11 February 2008

My Assessment

I've been reading the grumblings on the internet about the upcoming Hillsborough property "revaluation". I am far from an expert in this area, but I understand it enough now to give my opinion here.

The first thing to know is that revaluation is different than reassessment. For many years Hillsborough participated in a program of yearly reassessments of properties. These "rolling reassessments" looked at a different neighborhood, or multiple neighborhoods, each year, and reassessed home values based on recent sale prices and other criteria.

For most of the years that Hillsborough performed rolling reassessments, the program worked just fine - insuring that all properties in Hillsborough were assessed at near their market value, and that everyone paid their fair share of property taxes.

A few years ago, after a reassessment of the Flagtown section, residents in that area were hit with a huge increase in the assessed value of their homes - one that would lead to a property tax increase in one year of greater than 35% in many cases! Obviously something was wrong with the program. After complaints by Flagtown residents, the Hillsborough Township Committee decided to drop the rolling reassessment program.

Since Hillsborough has not been doing reassessmenst for a few years, our assessed values have fallen far enough below market values that a revaluation needs to be done. A revaluation essentially reassesses all properties at the same time - and looks at more than just recent sales in determining value. This revaluation will cost us about $1 million, maybe more, which will be spread out over a few years.

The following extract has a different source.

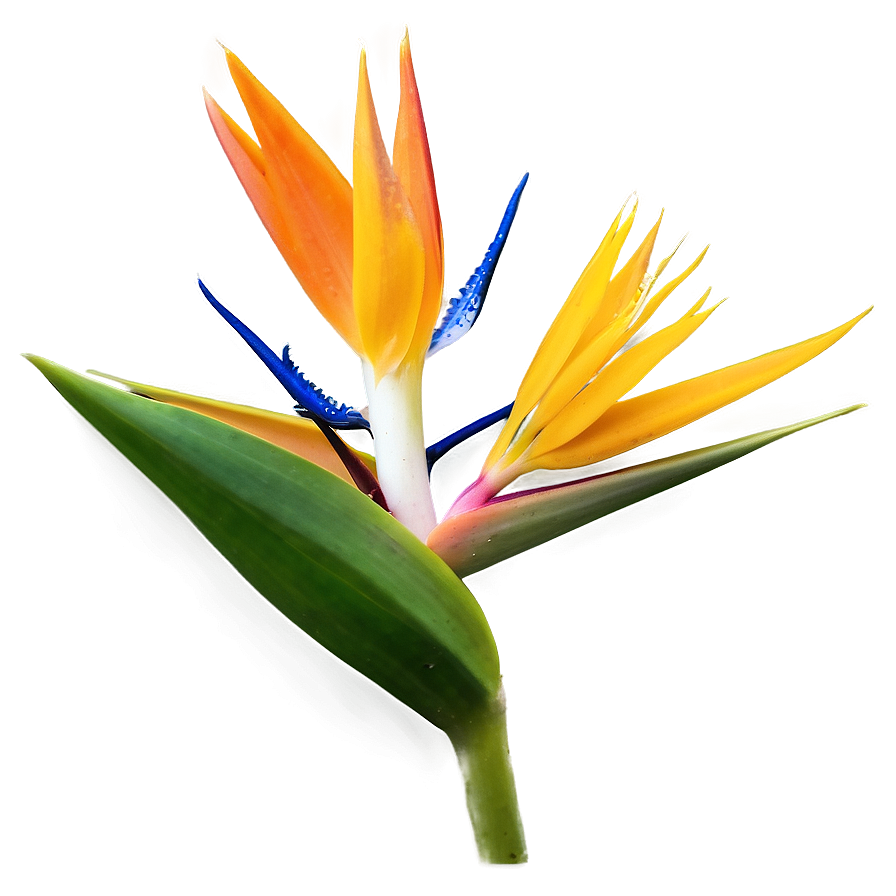 Bird Of Paradise In Bloom Png Lvf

In the revaluation, every home's assessed value is sure to go up, but that doesn't mean everyone will be paying more in property taxes. Some people will pay more, some will pay less - and everyone, hopefully, will be paying their fair share. What will make our taxes go up, at least a little, is the additional cost of the performing the revaluation.

Did our township committee do the right thing by killing the rolling reassessment program a few years ago? Clearly they were being responsive to residents - something we heard a lot about during last year's CSC hearings. Were they being too responsive? Should the residents of Flagtown have been told to get lost? After all, staying with rolling reassessments would have saved us the cost of the revaluation.

I am not sure what the right answer is. But I do know this - I am aware of only one person in Hillsborough who is always right, who has never made a mistake. Until we are ready to anoint him emperor, we should recognize that our township committee has to make a lot of tough choices - a lot of judgement calls - some popular, some not so popular - and endure a lot of second-guessing.

My assessment is that they are at all times looking out for the best interests of the residents and the town - yesterday, today, and tomorrow.

1 comment:

  1. The first fact is the state stopped all assessments in the state while they rolled over a new computer system.

    The committee did stop the program during this time, that is correct.

    When they did have the rolling program in place it was abused and used as a tool to offset equal payments among the newer developments and to punish certain others. The taxing authority used the loop hole of being able to look at high turnover areas to continue to go back and raise taxes on the few, not the whole.

    Thus leads us to a new requirement to do the entire town because we have an out of balance assessment program where some older established homes are only paying about 2/3 or so of their true tax requirement.

    When this is over there will be some happy people seeing their tax go down a few dollars but many unhappy ones when they to most finally anti-up their fair share.